Confusion et trahison des clercs
 
On comprend ainsi que l'idée d'intégration de ces immigrés est en soi un malentendu, tant que la majorité laisse se répandre en sous-main et en particulier auprès des enfants, des idées profondément opposées aux valeurs majoritaires des Français, comme l'idée qu'État et religion sont deux faces inséparables d'une même structure sociale, ou que femme et homme sont d'essences différentes. Les "hussards de la République" doivent s'en retourner dans leurs tombes quand l'islamo-gauchisme n'y voit rien à redire. Cette guerre des idées, de la persuasion lente par la répétition et l'endoctrinement "soft" que pratiquent en particulier les "Frères musulmans" du Qatar, passe totalement en dessous des radars, car ni les intellectuels ni les gouvernants n'y sont préparés. La trahison des clercs est un vieux drame français !
 
Analyser les faits prime sur l'idolâtrie idéologique
 
Le livre montre bien que ce n'est pas être un idéaliste d'extrême droite que de bousculer cette indolence de pensée et d'action qui a conduit non seulement au malaise que nous ressentons tous, mais aussi aux drames de Charlie Hebdo, du Bataclan, de la décapitation d'un enseignant, sans oublier le reste ni ce qui vient.

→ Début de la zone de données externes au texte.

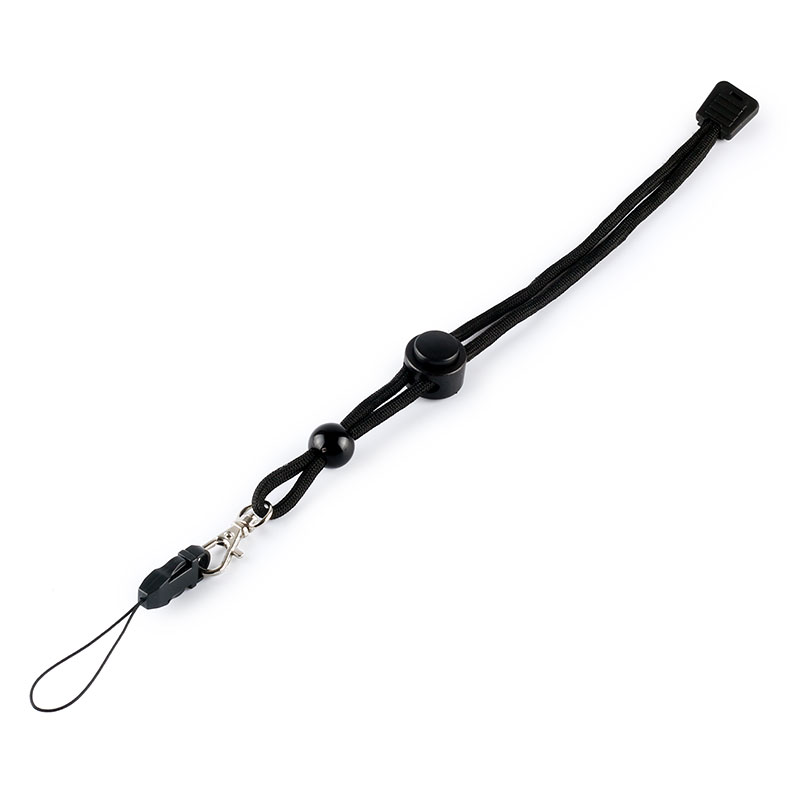flashlight lanyard with a key buckle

La liberté de pensée et d'analyse est notre privilège le plus précieux et se poser de telles questions n'est pas se ranger à telle ou telle idéologie, mais se demander ce qui fonctionne mal et nous a conduits où nous en sommes.
On comprendra ainsi ce qu'aura coûté à l'auteur l'exposé de ses découvertes progressives des stratégies islamistes et leur fonctionnement dans un milieu intellectuel où toute mise en question des dogmes partagés est une trahison. Son courage impressionne. Je le pense d'autant plus sincèrement que j'ai connu au temps du communisme, religion insurpassable comme chacun sait, une dévotion indécrottable de mes collègues par ailleurs brillants, un enfermement de la pensée qui a contribué à me faire fuir de mon premier métier. J'en admire d'autant plus la résilience de l'auteur et son apport sur ce sujet si délicat. Mais, peut-être, peut-on discerner ici et là les premiers signes de déniaisement politique ? Ils seraient bienvenus et l'apport de l'auteur y est certainement pour quelque chose.